Notice that the user matrix, we can clearly see that user 1 and user 4 are similar to each other in interest and user 2 and 3 are also similar to each other. This is telling us that Alice and Debby have similar taste in movies and Calvin and Bob share interest in historical drama.
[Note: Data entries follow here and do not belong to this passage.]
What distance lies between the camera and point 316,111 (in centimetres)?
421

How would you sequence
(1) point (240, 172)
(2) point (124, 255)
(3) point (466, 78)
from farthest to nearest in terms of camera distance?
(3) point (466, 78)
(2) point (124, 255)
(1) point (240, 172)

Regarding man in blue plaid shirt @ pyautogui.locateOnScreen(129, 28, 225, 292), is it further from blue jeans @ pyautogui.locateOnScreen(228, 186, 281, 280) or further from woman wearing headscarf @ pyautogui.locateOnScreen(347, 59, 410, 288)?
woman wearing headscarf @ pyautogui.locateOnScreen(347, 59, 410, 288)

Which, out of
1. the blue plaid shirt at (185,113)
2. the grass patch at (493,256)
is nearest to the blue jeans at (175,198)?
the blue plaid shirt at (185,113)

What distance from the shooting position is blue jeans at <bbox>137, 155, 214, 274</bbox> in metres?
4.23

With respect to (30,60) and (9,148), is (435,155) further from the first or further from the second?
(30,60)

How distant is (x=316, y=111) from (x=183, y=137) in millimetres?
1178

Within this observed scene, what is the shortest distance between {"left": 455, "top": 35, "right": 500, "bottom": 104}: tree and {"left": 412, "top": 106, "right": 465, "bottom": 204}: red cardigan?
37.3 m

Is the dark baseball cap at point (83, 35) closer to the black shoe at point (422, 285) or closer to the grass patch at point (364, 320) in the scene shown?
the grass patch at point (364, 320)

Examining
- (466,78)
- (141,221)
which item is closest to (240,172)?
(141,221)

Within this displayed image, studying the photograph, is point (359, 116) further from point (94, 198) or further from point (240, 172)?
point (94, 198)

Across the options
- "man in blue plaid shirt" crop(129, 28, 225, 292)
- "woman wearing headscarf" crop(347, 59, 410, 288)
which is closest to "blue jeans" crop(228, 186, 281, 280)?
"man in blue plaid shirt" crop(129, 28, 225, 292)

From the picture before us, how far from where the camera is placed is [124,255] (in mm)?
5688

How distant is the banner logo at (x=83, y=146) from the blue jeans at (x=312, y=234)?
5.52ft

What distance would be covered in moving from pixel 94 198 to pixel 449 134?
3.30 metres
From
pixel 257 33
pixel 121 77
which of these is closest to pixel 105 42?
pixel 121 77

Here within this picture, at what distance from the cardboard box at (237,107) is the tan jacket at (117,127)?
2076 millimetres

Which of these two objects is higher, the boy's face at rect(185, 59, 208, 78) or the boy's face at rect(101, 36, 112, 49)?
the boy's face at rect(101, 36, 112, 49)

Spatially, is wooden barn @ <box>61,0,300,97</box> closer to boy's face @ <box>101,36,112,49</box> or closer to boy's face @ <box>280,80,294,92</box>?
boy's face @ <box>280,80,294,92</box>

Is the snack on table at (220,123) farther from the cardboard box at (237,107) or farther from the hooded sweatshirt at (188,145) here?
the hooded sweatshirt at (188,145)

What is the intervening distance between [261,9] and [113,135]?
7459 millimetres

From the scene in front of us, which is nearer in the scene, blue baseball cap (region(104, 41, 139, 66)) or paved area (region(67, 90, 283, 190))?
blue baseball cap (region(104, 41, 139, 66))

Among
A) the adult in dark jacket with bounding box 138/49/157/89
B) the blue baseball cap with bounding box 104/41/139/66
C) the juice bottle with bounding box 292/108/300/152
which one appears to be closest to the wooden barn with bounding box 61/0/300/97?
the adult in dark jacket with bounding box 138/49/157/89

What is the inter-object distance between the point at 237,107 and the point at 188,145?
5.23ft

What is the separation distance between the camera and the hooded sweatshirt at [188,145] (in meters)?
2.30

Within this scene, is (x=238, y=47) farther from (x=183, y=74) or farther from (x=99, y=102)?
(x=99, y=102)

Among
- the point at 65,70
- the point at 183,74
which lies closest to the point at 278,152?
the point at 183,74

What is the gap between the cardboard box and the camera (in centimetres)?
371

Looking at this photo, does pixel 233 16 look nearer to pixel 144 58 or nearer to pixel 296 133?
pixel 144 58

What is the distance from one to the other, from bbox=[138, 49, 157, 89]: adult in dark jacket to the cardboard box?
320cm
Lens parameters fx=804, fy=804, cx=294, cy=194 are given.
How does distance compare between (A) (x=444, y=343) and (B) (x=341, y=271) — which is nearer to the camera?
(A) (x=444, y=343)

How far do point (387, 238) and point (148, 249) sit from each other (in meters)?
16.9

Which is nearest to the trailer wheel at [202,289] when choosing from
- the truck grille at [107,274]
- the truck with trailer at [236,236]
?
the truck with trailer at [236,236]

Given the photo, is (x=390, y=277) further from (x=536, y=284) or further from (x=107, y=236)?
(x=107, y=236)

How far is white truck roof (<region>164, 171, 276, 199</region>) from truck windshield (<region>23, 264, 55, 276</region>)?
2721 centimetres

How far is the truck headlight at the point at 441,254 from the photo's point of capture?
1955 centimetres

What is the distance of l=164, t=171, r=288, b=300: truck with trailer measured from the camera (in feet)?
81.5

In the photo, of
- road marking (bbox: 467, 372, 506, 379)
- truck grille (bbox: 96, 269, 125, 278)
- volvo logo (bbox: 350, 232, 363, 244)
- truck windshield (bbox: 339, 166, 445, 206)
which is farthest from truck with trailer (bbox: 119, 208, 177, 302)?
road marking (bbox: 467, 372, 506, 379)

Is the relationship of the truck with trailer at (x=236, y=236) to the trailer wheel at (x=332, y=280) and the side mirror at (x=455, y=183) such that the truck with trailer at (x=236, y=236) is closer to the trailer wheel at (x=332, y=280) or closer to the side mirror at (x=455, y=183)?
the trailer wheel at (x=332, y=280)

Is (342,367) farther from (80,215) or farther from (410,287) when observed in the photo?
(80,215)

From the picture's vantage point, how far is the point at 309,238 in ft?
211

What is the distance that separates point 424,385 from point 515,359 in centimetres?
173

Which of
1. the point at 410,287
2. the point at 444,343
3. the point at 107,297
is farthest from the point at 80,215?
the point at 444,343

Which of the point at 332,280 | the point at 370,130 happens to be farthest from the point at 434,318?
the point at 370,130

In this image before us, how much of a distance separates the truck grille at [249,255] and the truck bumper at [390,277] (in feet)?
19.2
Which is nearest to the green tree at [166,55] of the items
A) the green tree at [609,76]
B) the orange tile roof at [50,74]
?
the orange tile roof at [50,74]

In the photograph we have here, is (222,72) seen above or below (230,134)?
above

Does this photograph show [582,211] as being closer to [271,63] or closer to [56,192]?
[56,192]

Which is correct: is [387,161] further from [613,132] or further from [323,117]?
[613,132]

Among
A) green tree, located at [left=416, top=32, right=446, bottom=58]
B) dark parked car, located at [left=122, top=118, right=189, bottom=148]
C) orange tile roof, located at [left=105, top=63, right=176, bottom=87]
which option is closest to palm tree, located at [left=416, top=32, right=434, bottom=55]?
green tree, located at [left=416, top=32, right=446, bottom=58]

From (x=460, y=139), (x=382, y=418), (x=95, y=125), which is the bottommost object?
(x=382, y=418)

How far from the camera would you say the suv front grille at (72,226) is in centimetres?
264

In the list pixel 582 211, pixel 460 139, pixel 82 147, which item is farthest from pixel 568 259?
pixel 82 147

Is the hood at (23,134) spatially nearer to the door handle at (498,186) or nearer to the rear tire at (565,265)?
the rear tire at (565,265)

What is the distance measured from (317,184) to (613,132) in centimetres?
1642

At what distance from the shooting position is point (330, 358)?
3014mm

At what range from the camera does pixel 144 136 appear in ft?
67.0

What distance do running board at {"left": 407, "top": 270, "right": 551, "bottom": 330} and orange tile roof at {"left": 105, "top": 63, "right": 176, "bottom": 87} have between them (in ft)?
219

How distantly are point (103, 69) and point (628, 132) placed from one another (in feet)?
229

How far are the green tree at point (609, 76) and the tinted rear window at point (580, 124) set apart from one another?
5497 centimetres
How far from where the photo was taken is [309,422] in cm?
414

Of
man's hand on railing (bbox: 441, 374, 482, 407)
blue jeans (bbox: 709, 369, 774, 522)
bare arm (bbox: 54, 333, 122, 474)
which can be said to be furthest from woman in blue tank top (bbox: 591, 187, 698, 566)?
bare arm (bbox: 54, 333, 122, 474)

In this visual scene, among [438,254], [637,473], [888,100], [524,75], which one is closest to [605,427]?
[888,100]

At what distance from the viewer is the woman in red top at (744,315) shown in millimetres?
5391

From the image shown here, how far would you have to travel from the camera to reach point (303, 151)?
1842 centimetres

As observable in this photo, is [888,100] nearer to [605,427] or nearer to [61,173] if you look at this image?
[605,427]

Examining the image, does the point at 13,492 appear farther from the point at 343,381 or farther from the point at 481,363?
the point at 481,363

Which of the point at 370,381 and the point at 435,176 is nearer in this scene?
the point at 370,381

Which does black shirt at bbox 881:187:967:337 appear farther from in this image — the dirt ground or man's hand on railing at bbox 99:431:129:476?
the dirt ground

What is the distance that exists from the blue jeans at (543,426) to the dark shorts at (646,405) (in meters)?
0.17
Low Rank Matrix Factorization

What we did up there is effectively a low rank apprixomation. The original singular matrix had a rank 4 but we learned that most of the singular values are not really important. We dropped the extra 2 ranks and we can still produce a matrix that similar to the original one.

For example

approximated_rating = U.dot(S).dot(M.T)
print approximated_rating

[[5.03940005 4.98763    1.25114372 1.7408964 ]
 [1.25114372 0.75393781 4.98656303 4.98763   ]
 [1.7408964  1.25114372 4.98763    5.03940005]
 [4.98763    4.98656303 0.75393781 1.25114372]]

# Roud it up
np.round(approximated_rating)

array([[5., 5., 1., 2.],
       [1., 1., 5., 5.],
       [2., 1., 5., 5.],
       [5., 5., 1., 1.]])

Look! It looks just like the original!!!